DECLARE @filename NVARCHAR(max);

SET @filename = N‘myOtherXmlFile.xml’;


INSERT INTO xml_documents ( x )

   SELECT dbo.LoadFile ( @filename );



This is far neater, safer (and I bet faster) than the horrible dynamic SQL (sp_executesql) above.


If Only   If I had a table containing the names of all the .XML files on my file-system, i.e. like this:


CREATE TABLE files ( filename NVARCHAR(max) );

INSERT INTO files VALUES( N‘c:\myXmlFile.xml’ );

INSERT INTO files VALUES( N‘c:\myOtherXmlFile.xml’ );



I could write a single T/SQL statement to insert the contents of all my .xml files as rows in the xml_documents table


INSERT INTO xml_documents ( x )

      SELECT dbo.LoadFile ( filename ) FROM files;



(2 row(s) affected)


SELECT * FROM xml_documents;



<please>Put me in the RDBMS</please>

<please>Don’t forget me</please>


But that is for another post. 


In this post we have seen some of the enhancements to the OPENROWSET provider for loading files, we have seen a glimpse of the XML data type, and we have seen what may be the shortest SQL/CLR function you will ever see.  If these help get you started, let me know.  If I have left you with more questions than answers, then fire the questions my way and I will get back to you.


In my next post we will look at how we can create a SQL/CLR Table Valued Function (TVF) that returns a table containing a directory listing of all the .xml files on my machine.

Comments (13)

  1. Stuart Padley, a Test Lead here in the SQL Server Engine team, posts about loading XML documents using…

  2. In my last post, I said we would look at how we could return a table that contains a directory listing…

  3. PP says:

    Very well described, extremely simple to understand.

    Looking forward for more articles 🙂

  4. DW says:

    Has anybody had any problems setting the max for the varbinary data type?

    My script is:

    CREATE TABLE largeValues (

    lVarbinary varbinary(MAX)


    and I get an error saying:

    Line 2: Incorrect syntax near ‘MAX’.

    Any help would be appreciated.

  5. Shan says:

    Very much clear and useful article.

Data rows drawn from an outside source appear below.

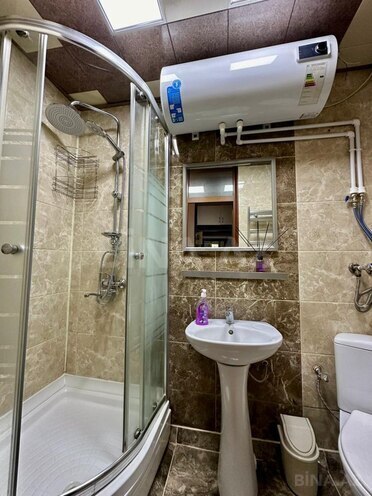 Satılır 2 otaqlı köhnə tikili 55 m², Sahil m., photo 13 from 16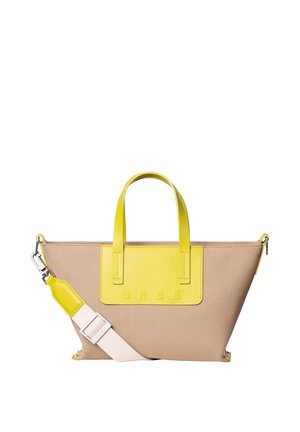 Borsa beige a forma di trapezio con manici giallo brillante, pannello frontale decorativo e tracolla beige regolabile con dettaglio in pelle gialla.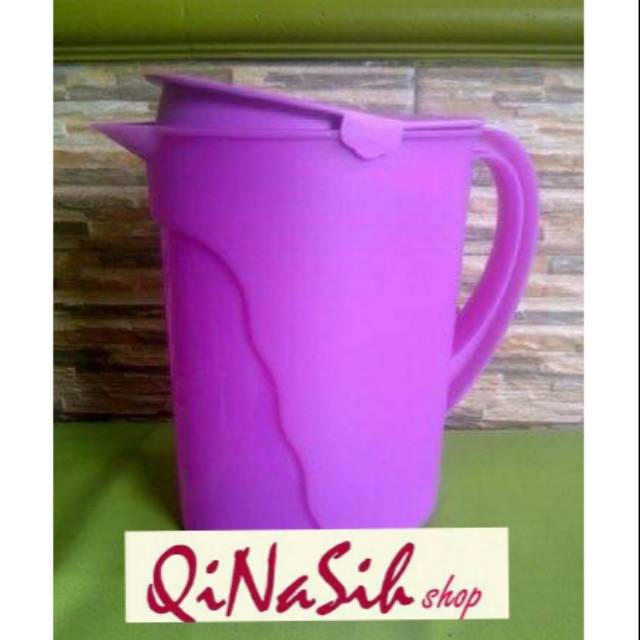 PITCHER 4 LITER TUPPERWARE LIMITED.. JADUL..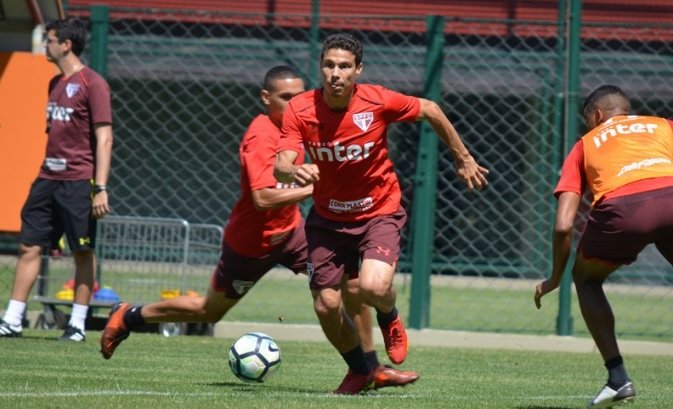 Sem perder há 4 jogos, São Paulo vai ao Independência para sair de vez do rebaixamento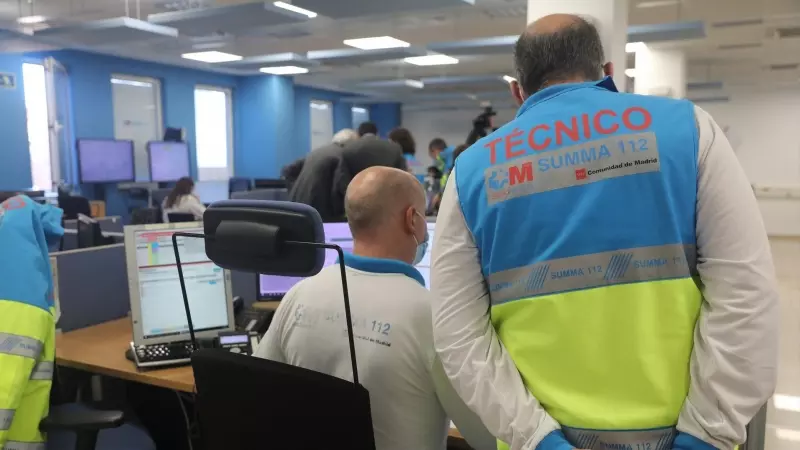 Varios trabajadores en el Centro Coordinador del SUMMA112, en la Base del SUMMA112, a 30 de diciembre de 2021, en Madrid, (España).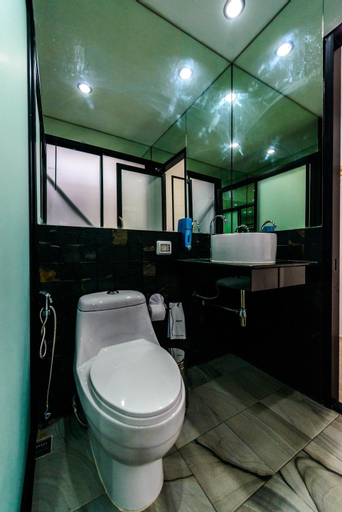Bathroom 9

Thanks for sharing your idea.

  6. Developer Dan says:

    Awesome! This is precisely what I am trying to do, but I got stuck when I discovered that BULK doesn’t accept a parameter. I’ve been wanting to use CLR assemblies in SQL for a while, but haven’t had time to plunge in. This was a perfect first attempt.

    NOTE: CREATE ASSEMBLY didn’t work for me until I signed the assembly, even though I was using a login with the sysadmin role.

  7. Robert says:

    First of all, thanks for sharing your idea. When I tried to load large xml file ( 3 mb) by using your code, I am getting the below exception. Do you have any idea about it?

    Msg 6522, Level 16, State 2, Line 6

    A .NET Framework error occurred during execution of user defined routine or aggregate ‘LoadFile’:

    System.Data.SqlServer.TruncationException: Trying to convert return value or output parameter of size 2959963 bytes to a T-SQL type with a smaller size limit of 8000 bytes.


      at System.Data.SqlServer.Internal.CXVariantBase.RgByteToSSBytes(Byte[] rgbValue, Int64 cbSize, Int64 cbMaxLength, Int32 iOffset, EPadding ePad)

  8. Larry Hayashi says:

    I have a table that already contains a column with a separate GUIDnumber for each row. I have corresponding xml files where each file has the name GUID number.xml. I would like to load these XML files into this existing table in a new column called XMLRepr. Any suggestions as to how to use what you have here. Can I do an update query using dbo.LoadFile?



  9. Andy says:

    Brilliant, just what I was looking for!